I don't think any American resentment over Pancho Villa's raids was strong enough to motivate a longstanding occupation of Mexico, nor was the Red Scare necessarily conducive to starting foreign wars. Punitive expeditions like the one that tried and failed to catch Villa, certainly, but not a long-term occupation. If it were, the Americans had plenty of chances to act on such feelings throughout the 1920s - not just over those raids and kidnappings, but also over the Mexican seizure of foreign property, and certainly the Cristero War would have represented a golden opportunity to topple the revolutionary regime - but they never did.
Moreover, if anti-Communism were a strong motivator for intervening abroad, the Polar Bear Expedition should have been much larger and more determined to crush the Bolsheviks, but they weren't - and in Mexico, that Garrido figure I linked to previously was actually made Governor of Tabasco
twice by the revolutionary government, and he literally named his kids after Vladimir Lenin and had a private militia that marched around singing the Internationale as they shot clerics and landowners (the
Camisas Rojas). Yet America still did not do anything about him or the government that patronized him even after he was appointed Secretary of Agriculture (no points for guessing what his preferred agricultural policies were).
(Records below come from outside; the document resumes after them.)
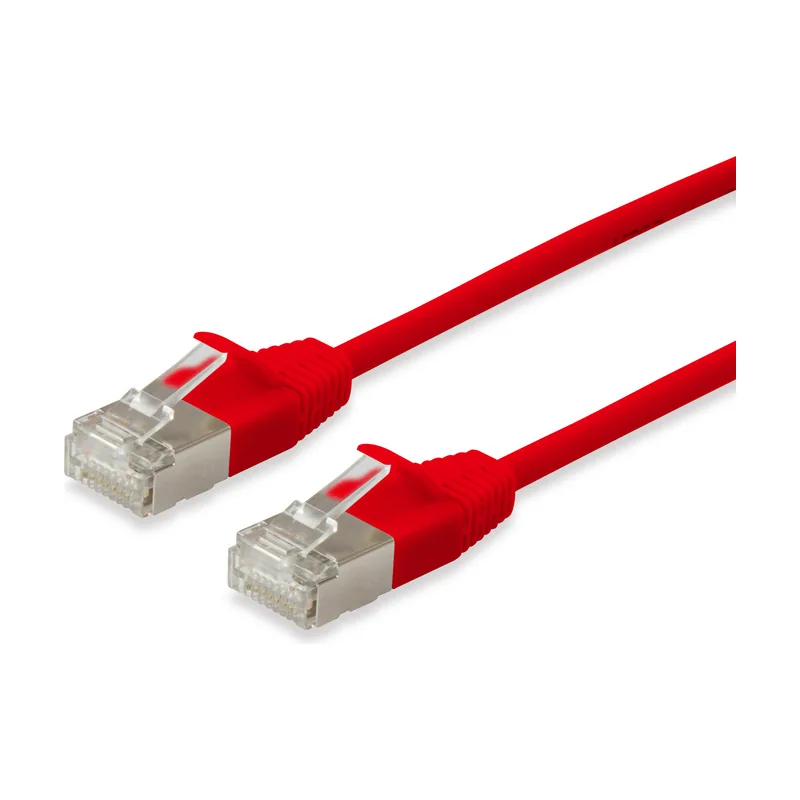 606147 cable de red Rojo 5 m Cat6a F/FTP FFTP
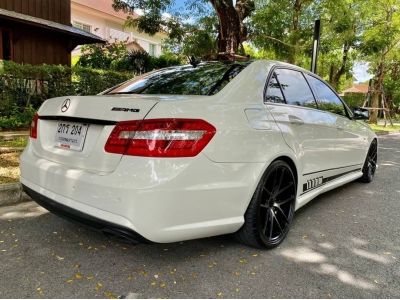 ขายถูกรถหรู Benz E200 CDI AMG 2012 รูปที่ 3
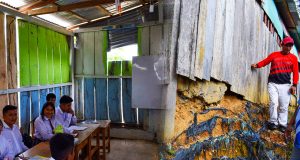 Ayacucho: Más de 50 colegios de Huanta tienen problemas de edificación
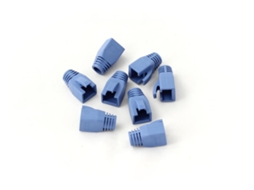 Tampa para Plugue Rj45 DIGITUS para Cabos de Grande Diâmetro 7,5 Mm, Pacote com 10 Unidades.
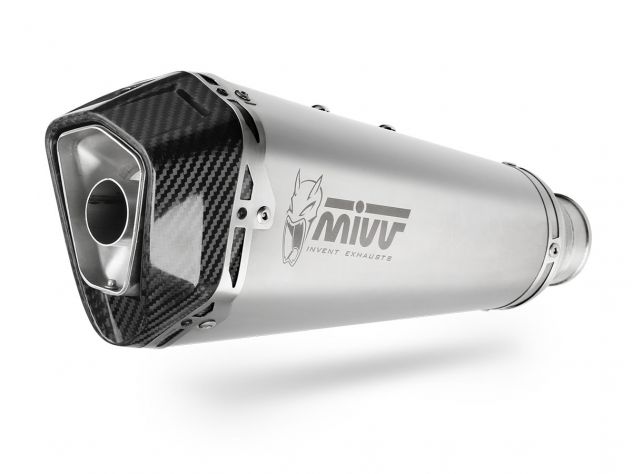 SILENCIEUX MIVV DELTA RACE ACIER INOXYDABLE CARBONE DUCATI SUPERSPORT 950/S 2021-2024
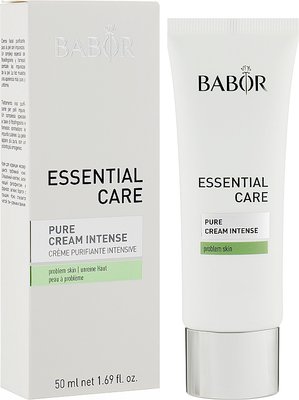 Babor Essential Care Pure Cream Intense 50 ml (Крем-інтенсив для проблемної шкіри) 5729 фото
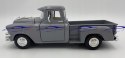 1955 GMC Blue Chip Pick-up red 1:24 Motormax 79382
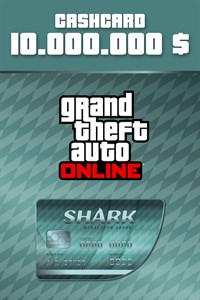 GTA Online: CashCard „Megalodon“ (Xbox Series X|S) – Verpackung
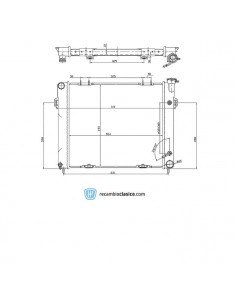 Comprar Radiador refrigeración JEEP Cherokee I (ZJ) 5.2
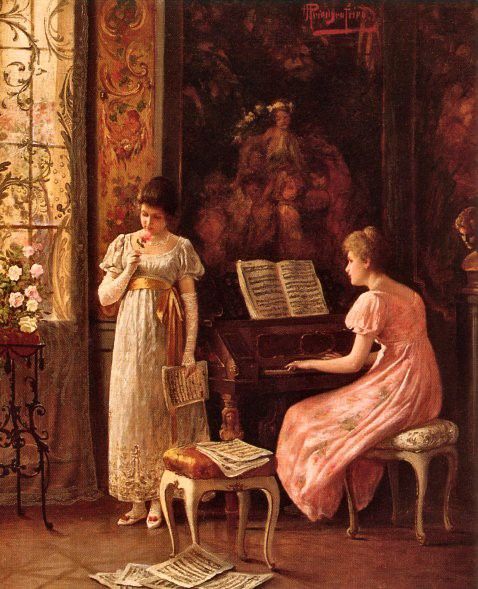 Priechenfried, Alois Heinrich - The Recital (end. Priechenfried,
If American anti-Communism of the 20s had resembled the later doctrine of rollback, Garrido's prominence should have been reason enough for them to back the Cristeros to the hilt in the middle of the decade.
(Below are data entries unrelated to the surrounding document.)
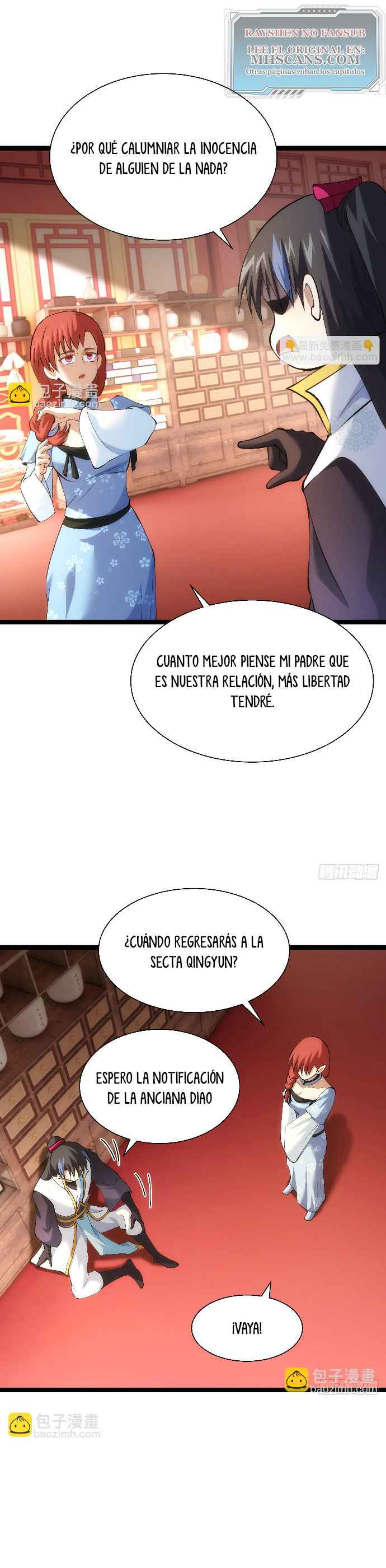 Read Sistema Divino del Jugador Inmortal ES Manga Online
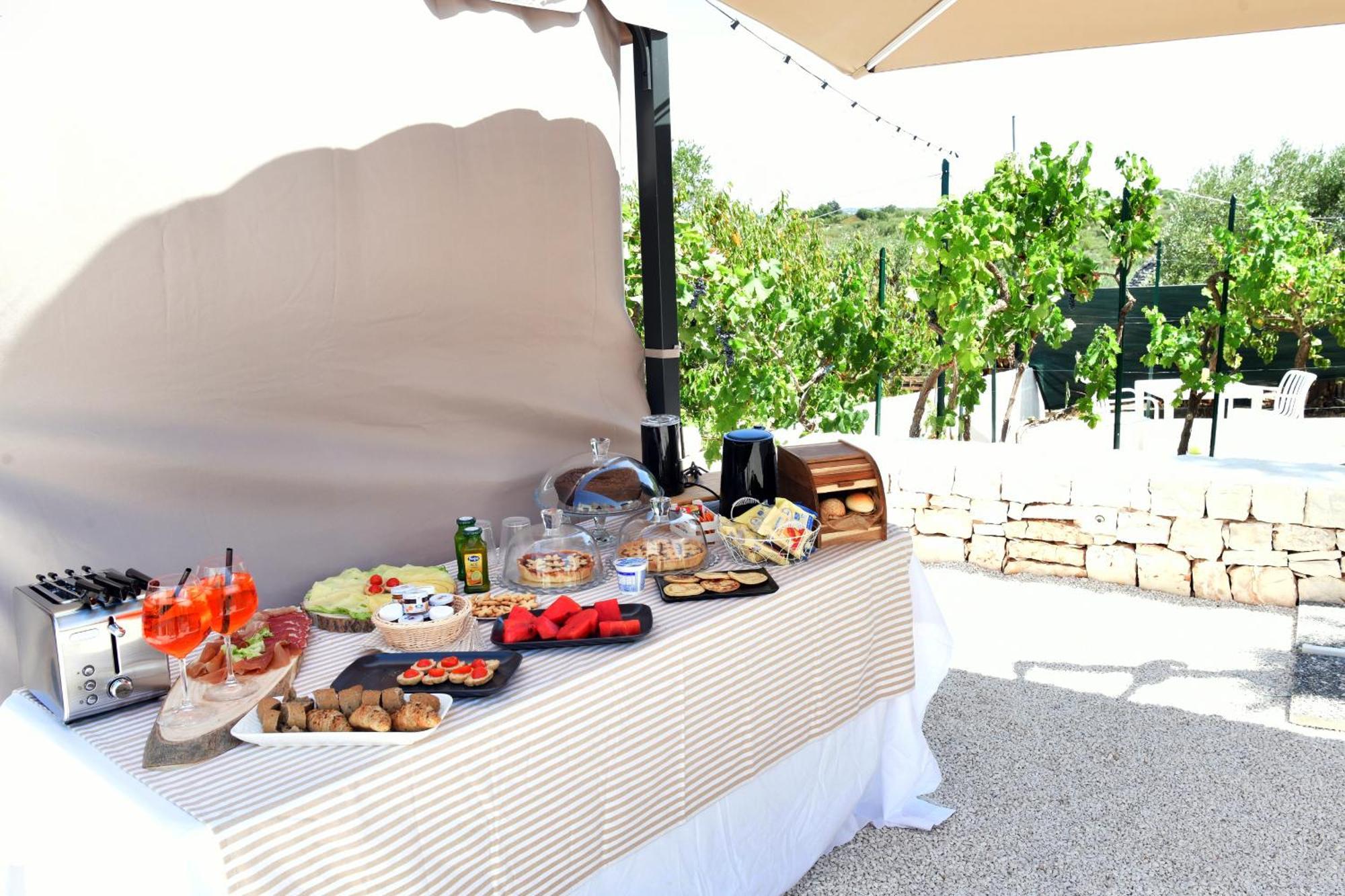 Lamarossa Trulli & Suites Antonelli Exteriér fotografie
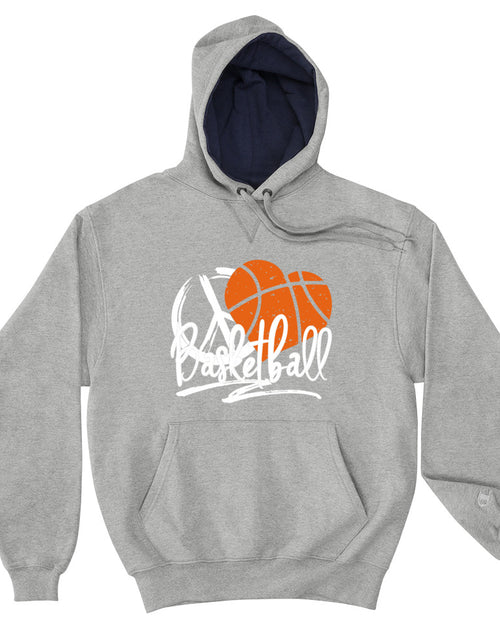 Load image into Gallery viewer, Peace Love Basketball Champion Hoodie
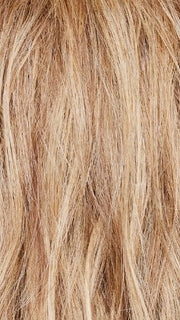 CINDER-TOFFEE | Blonde blended with Toffee, Burnt Toffee, Fudge Blonde, Milk Chocolate, and Deep Golden Blonde Tones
But as it was, I think the First Red Scare was more of an internally focused phenomenon and would remain such in the event of an American occupation of Mexico, unless Garrido and his ilk did indeed become the main leaders of the anti-American insurgency. Which I don't think was all that likely, the Zapatista peasant rebels most prominent in the south where he'd been appointed governor were Catholic devotees in their own common, folkish way and marched under banners depicting the Virgin Mary - he'd have to go north, a long way away from home, to find like-minded anticlerical and bourgeois rebels, and they'd have their own established leadership who won't make many concessions to a Tabasqueno like him.
Finally, while the American public might have the will to throw punitive expeditions at Mexico over the Columbus raid and other transgressions, the Mexican public has been given a lot more reasons to dislike the Americans than vice-versa. Even avoiding the obvious issues further back in history, just in the timeframe of the Revolution they've already had the Veracruz and Pancho Villa expeditions (both of which were far more destructive than the Columbus raid, and Veracruz in particular was utterly ill-founded) on top of the ongoing economic exploitation which had attracted popular anger even before Porfirio Diaz fell. I really don't think I can understate just how much nationalistic fury those incursions inspired: the Veracruz intervention briefly gave
Victoriano Huerta, a man who by the time it happened was loathed by pretty much every Mexican alive except his top generals & a handful of big landowners and whose name had become a byword for a brutal but thoroughly corrupt & inefficient dictatorship, thousands of motivated regular volunteers for the first time in his reign (of course, they lost all that motivation & drive when they realized he lied about sending them to fight the American invaders rather than other Mexicans). And of course, the Pancho Villa expedition ironically stabilized Venustiano Carranza's own declining regime and allowed him to cast himself as a genuine defender of Mexican sovereignty even in the eyes of his harshest critics, even though he had been Wilson's favorite Mexican up until then.
Suffice to say, I think that by 1919 the Mexican will to outlast an American occupation is quite a bit stronger than the American will to sustain such an occupation, and that's a key factor in determining the success or failure of any nation-building effort of this scale.